HashTables

So I just finished the 3 part series on how hash maps work. From this I thought I'd write a few notes, both in the hopse of silidifying my understanding a bit, and also as a way for me to be able to reference this in the future.

So I learned about two types of hash tables.. Open addressing hash tables, and Chaining hash tables. So the former is a way to implement a hash table with an array, and the latter uses linked lists.

Open addressing hash tables:

Open adressing hash tables are a way to use arrays as your system for storing data. You use a hash function that hashes you key to some value. This method is deterministic, thus it works the same exact way every single time. This function will return you an index in the array to store this value. Now... there is a probibility that there will be another value already in that perticular slot. If this is the case you will step down to the next array index and check if it's filled... if it's not you'll put that value there. If it is, you'll continue this process until you find an empyt slot. Because this is a repeatable process you'll be doing the same thing with you search method to find a hash value, and with your delete function that removes a key/value. Now the one caviot to this is that when you delete a key.. you need to give it a new value that's not the same "none" that the search is looking for, because it might get a hash pointing to that location for a value that does not exits there, but it exists in another part of the table, but you messed up the walking process down the table because of this delet, so you set a different flag on said deleted value that tells the search hey... you need to skip over me.. I'm not the value you are looking for. This does not break the search, because if the key that it's actually looking for is the one you deleted it will hit a point in the table where there is an actual none, or the table is ended. Now this new flag you put in for a deleted key has that effect on search, but not on insert. Insert know that it can save something there.

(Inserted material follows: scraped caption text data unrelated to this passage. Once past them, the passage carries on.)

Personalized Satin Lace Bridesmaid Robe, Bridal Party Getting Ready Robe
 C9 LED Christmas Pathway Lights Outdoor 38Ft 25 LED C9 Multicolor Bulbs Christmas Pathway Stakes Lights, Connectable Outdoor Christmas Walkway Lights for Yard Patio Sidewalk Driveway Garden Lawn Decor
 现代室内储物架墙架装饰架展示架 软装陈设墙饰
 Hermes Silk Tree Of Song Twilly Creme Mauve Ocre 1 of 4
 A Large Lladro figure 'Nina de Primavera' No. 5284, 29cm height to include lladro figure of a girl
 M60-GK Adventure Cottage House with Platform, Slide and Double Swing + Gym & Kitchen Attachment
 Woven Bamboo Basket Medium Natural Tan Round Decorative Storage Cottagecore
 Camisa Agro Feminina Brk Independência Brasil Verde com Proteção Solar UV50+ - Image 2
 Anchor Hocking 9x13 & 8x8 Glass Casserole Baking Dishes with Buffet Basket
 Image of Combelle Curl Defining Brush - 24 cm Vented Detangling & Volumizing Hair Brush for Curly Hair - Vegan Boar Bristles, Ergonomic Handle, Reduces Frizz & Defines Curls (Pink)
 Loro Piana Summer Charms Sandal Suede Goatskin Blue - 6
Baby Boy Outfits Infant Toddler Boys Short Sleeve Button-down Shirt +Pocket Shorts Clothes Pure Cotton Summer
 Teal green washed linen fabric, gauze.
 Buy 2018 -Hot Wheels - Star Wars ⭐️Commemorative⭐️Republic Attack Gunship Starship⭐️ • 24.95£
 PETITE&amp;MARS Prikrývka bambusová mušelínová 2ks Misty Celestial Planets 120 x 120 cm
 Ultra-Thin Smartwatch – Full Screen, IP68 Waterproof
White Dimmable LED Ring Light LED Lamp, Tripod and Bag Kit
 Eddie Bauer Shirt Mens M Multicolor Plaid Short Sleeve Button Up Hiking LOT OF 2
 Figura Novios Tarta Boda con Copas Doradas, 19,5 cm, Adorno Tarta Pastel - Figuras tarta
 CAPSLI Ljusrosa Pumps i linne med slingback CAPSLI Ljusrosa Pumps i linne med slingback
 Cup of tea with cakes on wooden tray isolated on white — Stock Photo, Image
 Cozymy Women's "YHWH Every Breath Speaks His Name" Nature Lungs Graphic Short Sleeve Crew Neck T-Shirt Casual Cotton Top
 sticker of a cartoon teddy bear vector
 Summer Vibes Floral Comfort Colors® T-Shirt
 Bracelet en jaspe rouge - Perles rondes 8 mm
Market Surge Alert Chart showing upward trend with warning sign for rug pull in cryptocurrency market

There is one important thing to note about open table adressing.. with the above implementation you can get into a situation where there are lots of clusters of data in this hash table, so you end up do long walks to find open keys or searching, thus it ends up being pretty ineffecent. So there's a way around that. It's called Double hashing I need to look into it more to understand it better, but it apparently solves this to some degree. The above method I described is called Linear Probing, because you are stepping linearly to find open slots in the table.

Linked List hash tables

These are very similar to the above system I described, but when you get colissions in the hash table you start adding nodes to a linked list insted of finding open slots in the array.


In [ ]: